EXAMPLE 57 1-{3- [5-Chloro-2-(4-Fluorophenyl)-1-Methyl-1H-Indol-3-yl]-1-Oxopropyl}-4-(Phenylmethyl)-4-Piperidinol

[0188] Prepared from methyl 5-chloro-2-(4-fluorophenyl)-1-methyl-1H-indole-3-propanoate (Description 42) according to the method of Example 44. 1H NMR (360 MHz, CDCl3) δ7.59 (1H, d, J 1.7 Hz), 7.37-7.13 (11H, m), 4.38-4.34 (1H, m), 3.54 (3H, s), 3.37 (1H, m), 3.21-3.15 (1H, m), 3.02-2.96 (2H, m), 2.86 (1H, m), 2.66 (2H, s), 2.52-2.47 (2H, m), 1.57 (1H, br s), 1.47 (2H, m), 1.36 (1H, m), and 1.28-1.16 (1H, m). m/z (ES+) 505, 507 (M+1).

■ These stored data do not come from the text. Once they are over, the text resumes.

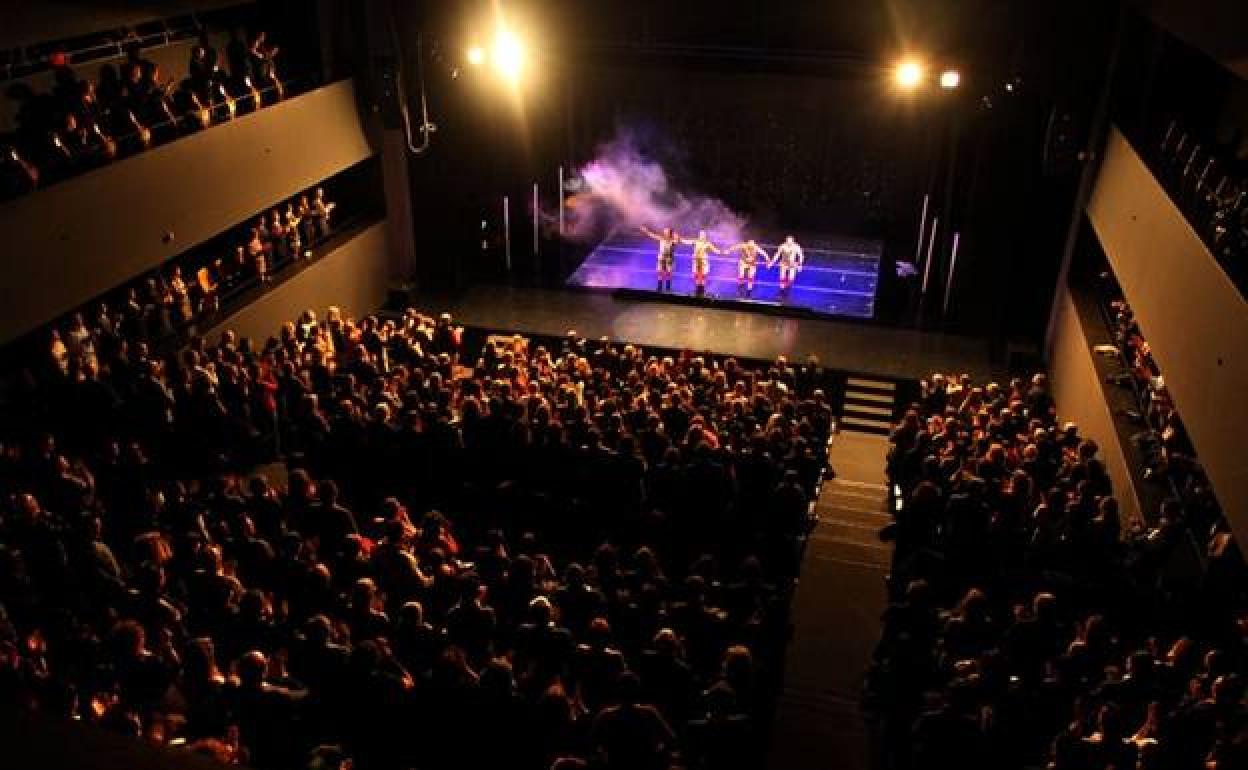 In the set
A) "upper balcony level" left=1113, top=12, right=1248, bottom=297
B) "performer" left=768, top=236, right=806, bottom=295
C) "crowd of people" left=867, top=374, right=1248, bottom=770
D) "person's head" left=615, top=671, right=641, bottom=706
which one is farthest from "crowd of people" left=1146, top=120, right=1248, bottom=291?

EXAMPLE 58 1-{3- [5-Chloro-1-Methyl-2-(2-Pyridinyl)-1H-Indol-3-yl]-1-Oxopropyl}-4-(Phenylmethyl)-4-Piperidinol

[0189] Prepared from methyl 5-chloro-1-methyl-2-(2-pyridinyl)-1H-indole-3-propanoate (Description 43) according to the method of Example 44. 1H NMR (360 MHz, CDCl3) δ8.77 (1H, d, J 4.0 Hz), 7.83 (1H, t, J 7.8 Hz), 7.62 (1H, d, J 1.8 Hz), 7.53 (1H, d, J 7.8 Hz), 7.35-7.13 (8H, m), 4.35 (1H, m), 3.72 (3H, s), 3.43 (1H, m), 3.12 (3H, m), 2.88 (1H, m), 2.65 (2H, s), 2.60 (2H, m), 1.58 (1H, br s), and 1.49-1.17 (4H, m). miz (ES+) 488, 490 (M+1).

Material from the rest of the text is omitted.